**Work instruction:** Since the copy must hold text only, transcribe the data below exactly and omit the images.
### Recorded information ###
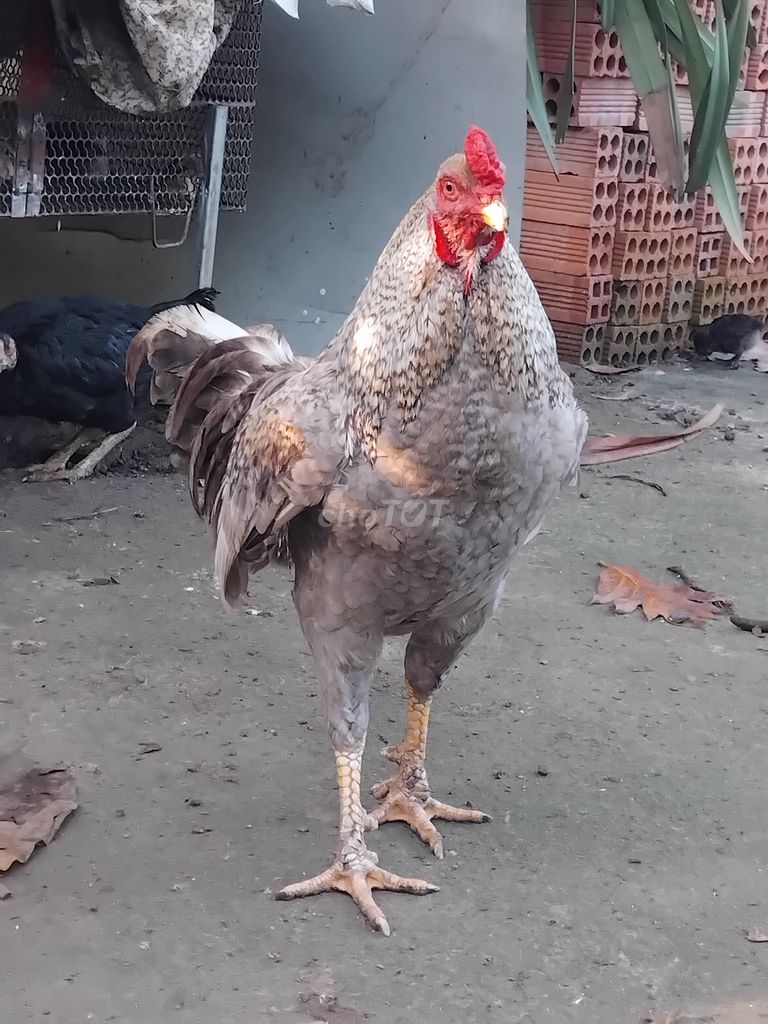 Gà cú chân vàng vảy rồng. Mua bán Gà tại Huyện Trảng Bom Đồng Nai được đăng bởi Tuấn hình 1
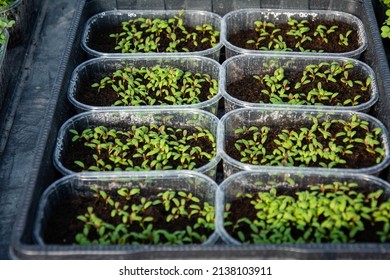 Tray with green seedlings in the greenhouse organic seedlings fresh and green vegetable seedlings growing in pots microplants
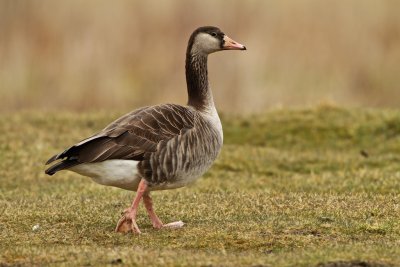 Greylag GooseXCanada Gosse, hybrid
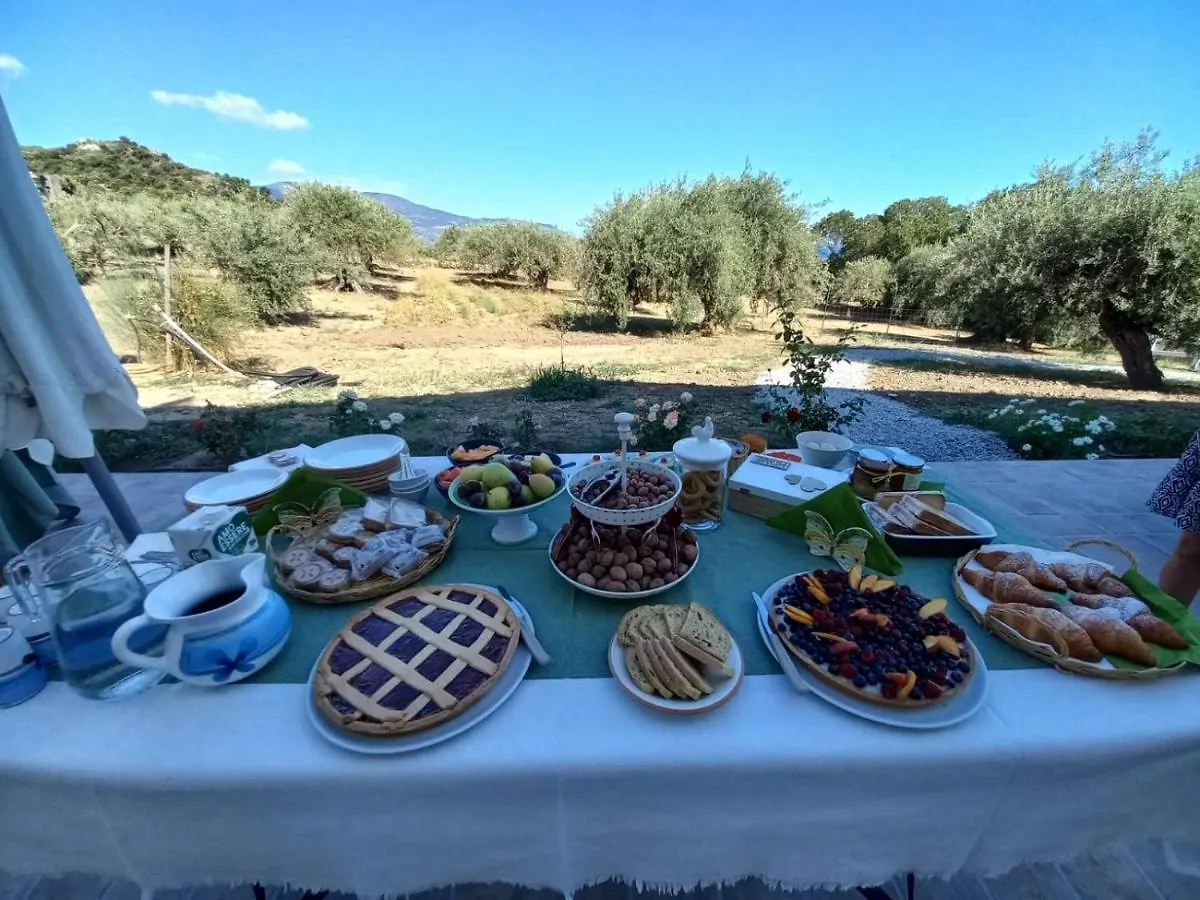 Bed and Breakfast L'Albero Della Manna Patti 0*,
###
**Result for this exercise:**
 Gà cú chân vàng vảy rồng. Mua bán Gà tại Huyện Trảng Bom Đồng Nai được đăng bởi Tuấn hình 1
 Tray with green seedlings in the greenhouse organic seedlings fresh and green vegetable seedlings growing in pots microplants
 Greylag GooseXCanada Gosse, hybrid
 Bed and Breakfast L'Albero Della Manna Patti 0*,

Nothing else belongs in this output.